Cuando empecé a visitar el cabo Foulweather a principios de los años noventa, no fue por ningún motivo especial, aparte de mi admiración por James Cook. El cabo no estaba lejos de mi casa y me encantaba observar las aves, los barcos de pesca y el tiempo cambiante. La mera vista del océano desde lo alto del cabo, sobre una pared de acantilados, era muchas veces espectacular. Algunos días, el mar estaba tan iluminado, tan sereno, que el agua parecía una superficie de docenas de kilómetros cuadrados de cristal listado, y la luz que se reflejaba en su superficie era tan reluciente que mi pupila no podía cerrarse con la fuerza necesaria para distinguir ninguna textura. Algunas noches de verano, el aire era lo suficientemente transparente para poder distinguir en la dirección opuesta, a treinta y dos kilómetros al este, los detalles de una cordillera bañada en la luz de la luna. También podía ver hacia el norte, al otro lado del arco que seguía la luna, un campo infinito y rutilante de brillantes estrellas.

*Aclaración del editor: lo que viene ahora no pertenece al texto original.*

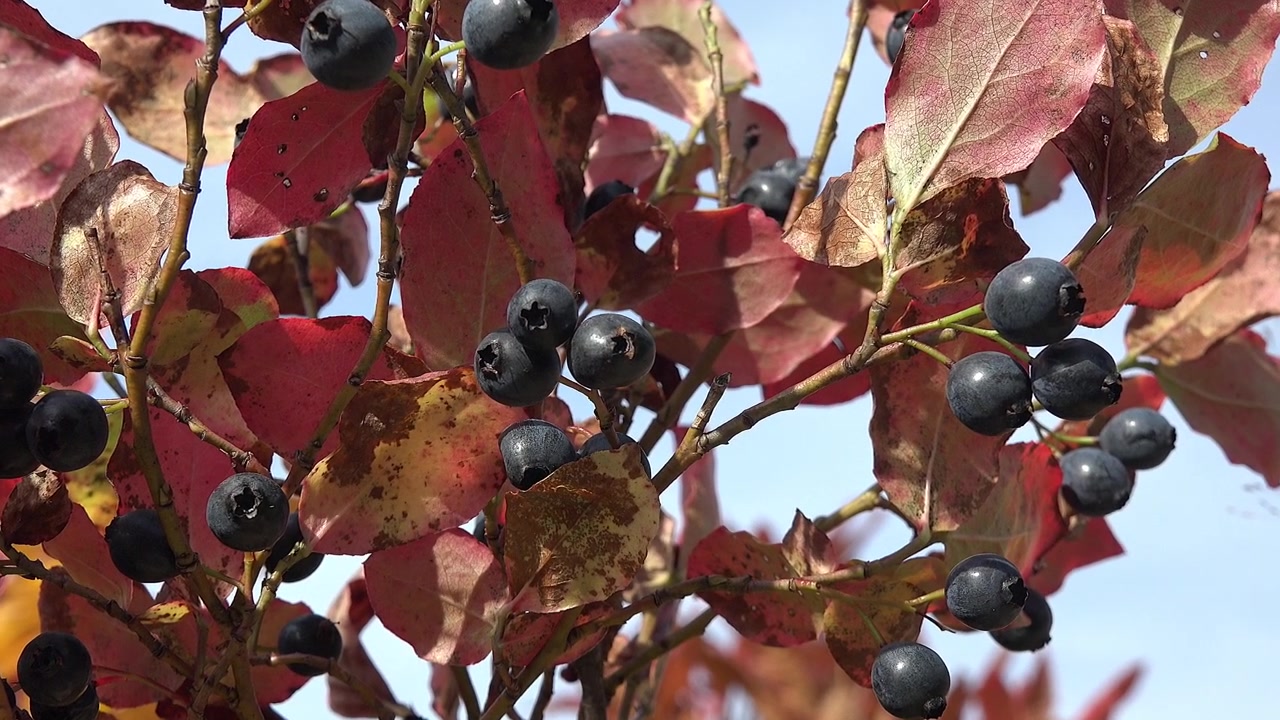 Myrtilles mûres sur un buisson avec des feuilles d'automne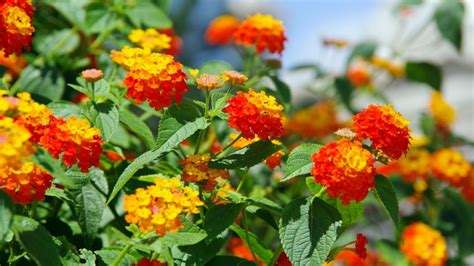 Growing Lantana Plants How To Plant And Care For Lantana Flowers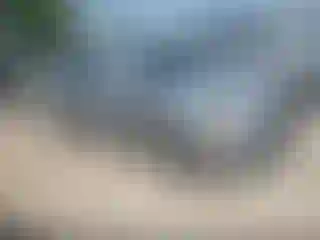 Vehicle Image- 2021 Toyota Tacoma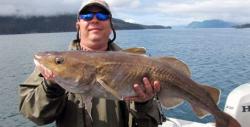 Scientists Shocked As Fisheries Collapse On West Coast: "It's The Worst We've Seen" Scientists Shocked As Fisheries Collapse On West Coast: "It's The Worst We've Seen"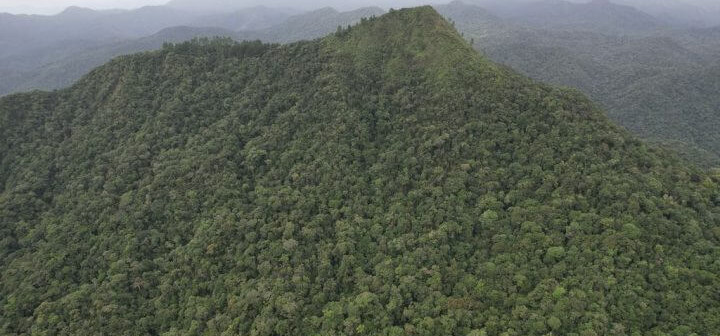 Além do Spitzkopf: conheça os morros mais altos de Blumenau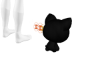 Black Cat Pet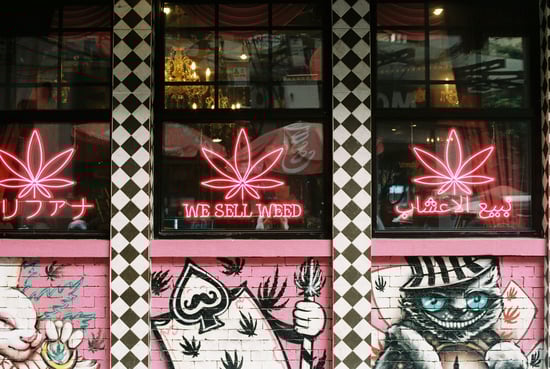 Easthampton's Newest Gem: Oz Club Dispensary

Periódicamente, pasaba varios días de descanso en el cabo y acampaba siempre en el mismo claro creado por la tala de árboles y en plena recuperación. Aquello se había convertido en una forma de aprendizaje. De vez en cuando, sentado entre los árboles jóvenes del claro, me fijaba en una cosa pequeña, una piña de una pícea de Sitka o el ala traslúcida de una libélula, y trataba de dibujarla. Nunca conseguí crear con mi lápiz nada que mereciera una segunda mirada; pero en esa hora dedicada a dibujar llegaba a conocer profundamente no solo la forma del objeto, sino su presencia general, su tercera dimensión. Captaba su temporalidad o, a veces, la escala fractal de sus partes, o intimaba con él en otros sentidos.

Estos inocuos fragmentos de vida, que cabían en la palma de la mano, me provocaban tantas ideas y emociones como habría podido provocar la aparición repentina de un puma. Buscaba objetos pequeños para sentir sus contornos, para absorber su peso o su textura. Los giraba y los sostenía de forma que la luz del sol pudiera refractar a través de sus cristales, igual que con una pluma, o para que iluminara las sombras más profundas en un trozo de hueso.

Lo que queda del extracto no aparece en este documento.